Honor commitments made or renegotiate them respectfully ahead of time if needed. Build dependability by thoughtfully budgeting time and resources. Follow through on verbal agreements.

17. Stinginess

Occasional forgotten wallets or tight budgets happen to anyone, but habitual penny-pinching erodes romance fast. Partners want to enjoy life’s pleasures together, not keep score over who owes what.

Find reasonable balance in treating each other to special outings or gifts. Take turns doling out surprises that keep affection alive. If needed, honestly communicate financial constraints.

In Closing…

I hope illuminating common romantic pitfalls for all genders promotes better partnerships rooted in radical compassion. We all stumble sometimes pursuing love in an imperfect world. The path ahead shines brighter through mindful communication, accountability, and courage to change.
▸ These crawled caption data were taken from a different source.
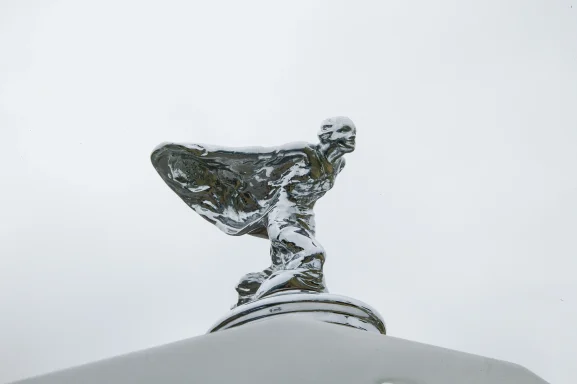 Rolls-Royce Kühlerfigur Spirit of Ecstasy auf einem historischen Fahrzeug.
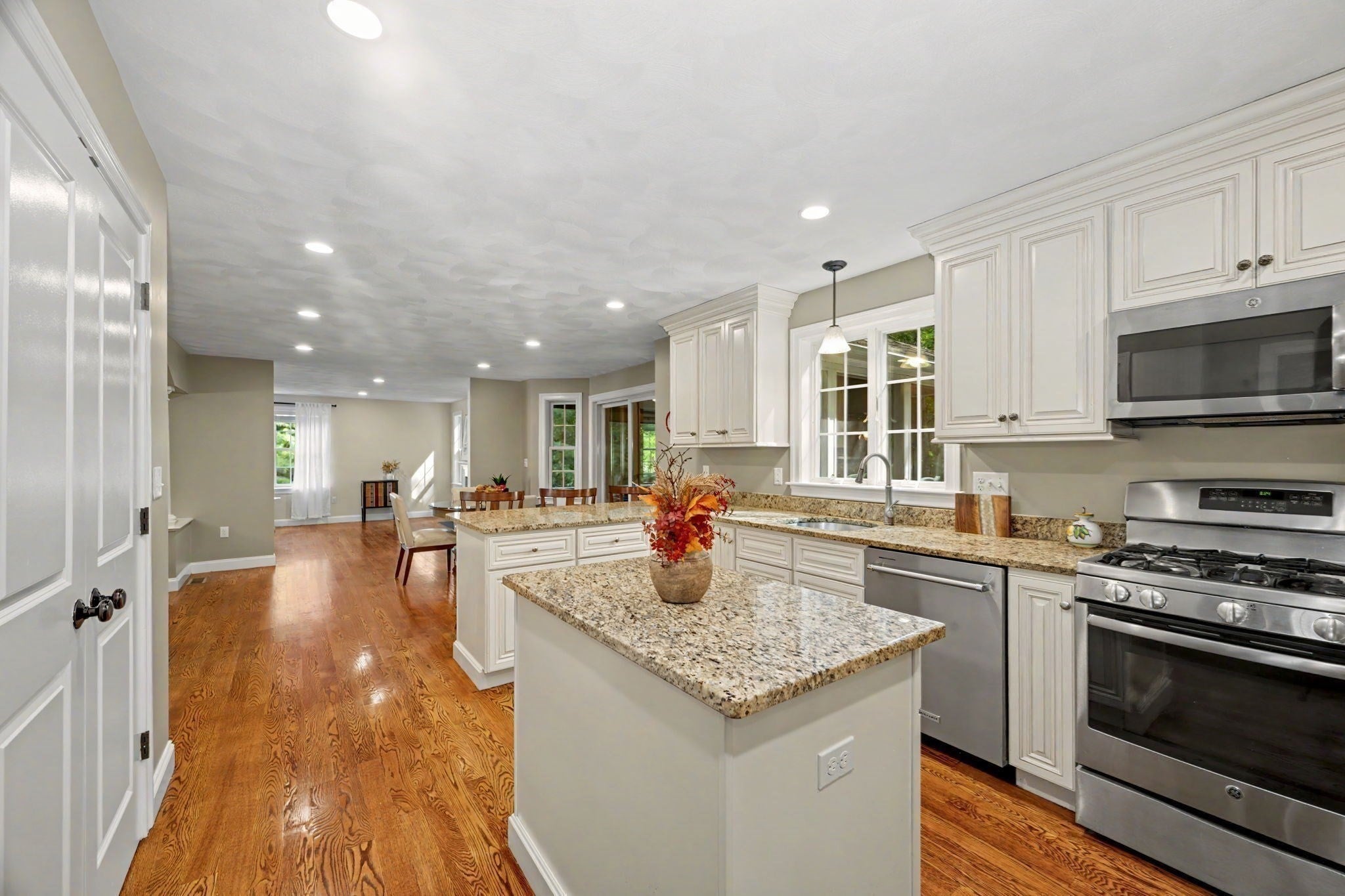 44 Ashwood Ave
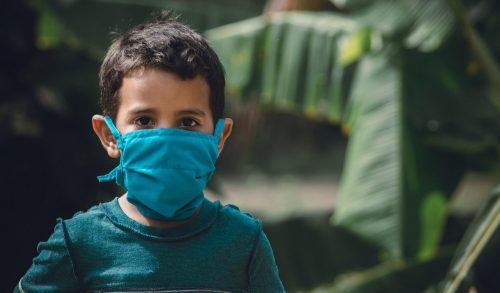 Κορονοϊός - έρευνα: Ακόμη και τα παιδιά μπορεί να νοσούν για μήνες με επίμονα συμπτώματα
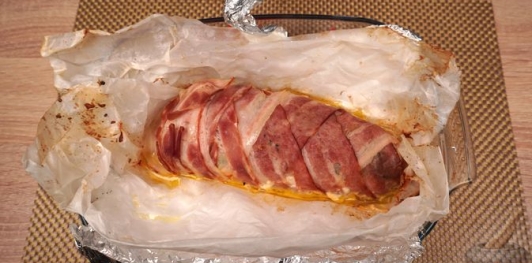 Рулет из скумбрии с морковью и огурцами, в беконе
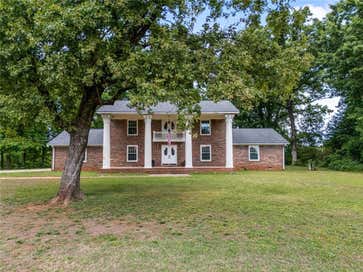 451 Toms Creek Road Martin GA 30557
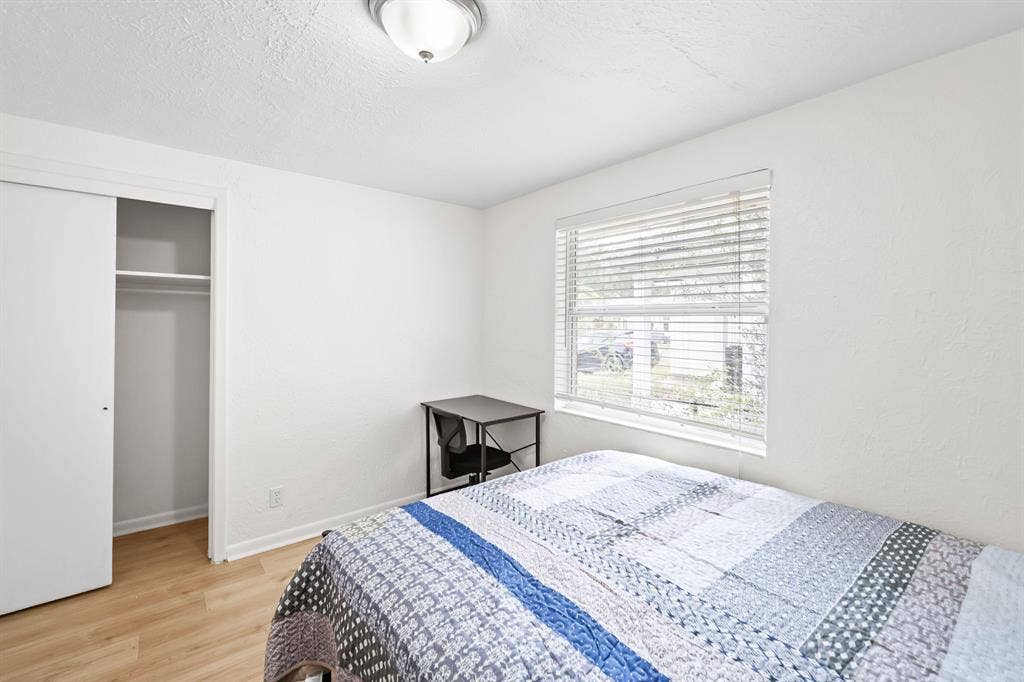 11 BR in Jacksonville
True confidence arises from self-knowledge — embrace your quirks. Give your relationship continual care and feeding like any other endeavor that you cherish. Compromise allows space for each person to thrive as individuals and a team moving joyfully through life together.

Prioritize kindness, flexibility and emotional availability in order to build strong intimacy that weathers challenges in style. Value your partner’s needs equally to your own. With daily empathy and patience, romance retains its magic spark!

Sylvia Smith

Sylvia Smith is an Associate Licensed Marriage and Family Therapist with an M.S in Child Development & Family Studies and specialization in Marriage and Family Therapy from Purdue University. She specializes in working with distressed/conflicted couples, parents, and co-parent, and families. Sylvia believes that every couple can transform their relationship into a happier, healthier one by taking purposeful and wholehearted action.